My current workflow uses Camtasia to do the screen captures. I’m still learning so I’ll probably get more efficient as I go.
Once I’ve got a draft of the video ready, I export it from Camtasia into an MP4. I take that video and load it into Adobe Premiere Pro and use its closed captioning features to get a transcript of the audio. I can revise the script inside of Premiere.
Premiere will play back the video with a text cursor tracking the video. This makes it possible to stay synchronized when I re-record the audio with Audacity. (Even if I’ve made changes to the script.) My initial audio recording has a lot of keypress noises that I want to get rid of.
There is an advantage to importing the audio from Audacity’s .MP3: if I need to correct the audio later, I just need to change the MP3 itself. Camtasia imports the audio anew each time it starts. If I respect timing, the final audio will get my adjustments automagically. This is even true if I’ve split up the audio and rearranged it. One example of a later stage adjustment is to remove breath sounds. I still am learning audio recording techniques.
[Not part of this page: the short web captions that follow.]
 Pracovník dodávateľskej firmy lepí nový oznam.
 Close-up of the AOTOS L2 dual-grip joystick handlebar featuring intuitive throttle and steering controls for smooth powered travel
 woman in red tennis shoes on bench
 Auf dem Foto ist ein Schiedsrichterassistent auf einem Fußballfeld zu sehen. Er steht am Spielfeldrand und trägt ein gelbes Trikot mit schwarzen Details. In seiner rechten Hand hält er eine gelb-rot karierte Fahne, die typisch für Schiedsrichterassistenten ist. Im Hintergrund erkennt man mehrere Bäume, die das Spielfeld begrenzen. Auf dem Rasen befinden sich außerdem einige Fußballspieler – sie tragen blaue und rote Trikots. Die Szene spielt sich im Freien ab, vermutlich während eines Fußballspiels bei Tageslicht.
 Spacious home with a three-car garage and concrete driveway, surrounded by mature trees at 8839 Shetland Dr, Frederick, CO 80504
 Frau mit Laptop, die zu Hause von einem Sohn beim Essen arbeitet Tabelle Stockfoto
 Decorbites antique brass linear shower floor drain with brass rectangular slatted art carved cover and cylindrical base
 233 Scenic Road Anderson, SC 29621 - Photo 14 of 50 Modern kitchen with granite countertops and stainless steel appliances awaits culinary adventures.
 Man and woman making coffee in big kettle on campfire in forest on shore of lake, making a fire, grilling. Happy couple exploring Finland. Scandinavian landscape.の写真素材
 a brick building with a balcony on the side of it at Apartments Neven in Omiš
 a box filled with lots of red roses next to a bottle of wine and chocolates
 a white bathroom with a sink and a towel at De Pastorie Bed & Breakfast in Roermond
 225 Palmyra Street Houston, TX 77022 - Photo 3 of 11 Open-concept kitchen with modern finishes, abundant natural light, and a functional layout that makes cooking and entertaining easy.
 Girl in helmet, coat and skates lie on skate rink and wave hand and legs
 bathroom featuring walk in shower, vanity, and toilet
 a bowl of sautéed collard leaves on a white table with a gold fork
Once I have the video completely finished and ready to upload to YouTube, I load the MP4 into Premiere again and create a final transcription of the video. I edit it to correct voice recognition errors and to improve punctuation. This preserves the synchronization between the text and the video. I then export the captions into an .SRT file. This is much less work than trying to create the captions manually.
Once I’ve uploaded the video to YouTube, I go to the edit captions section and upload the saved captions. I play the captions through and use YouTube’s interface to correct the errors that I didn’t notice inside of Premiere. This is my first effort at this process: The Symbols Section of Words’s Equation Tab.
It’s nice to have several tools available at once.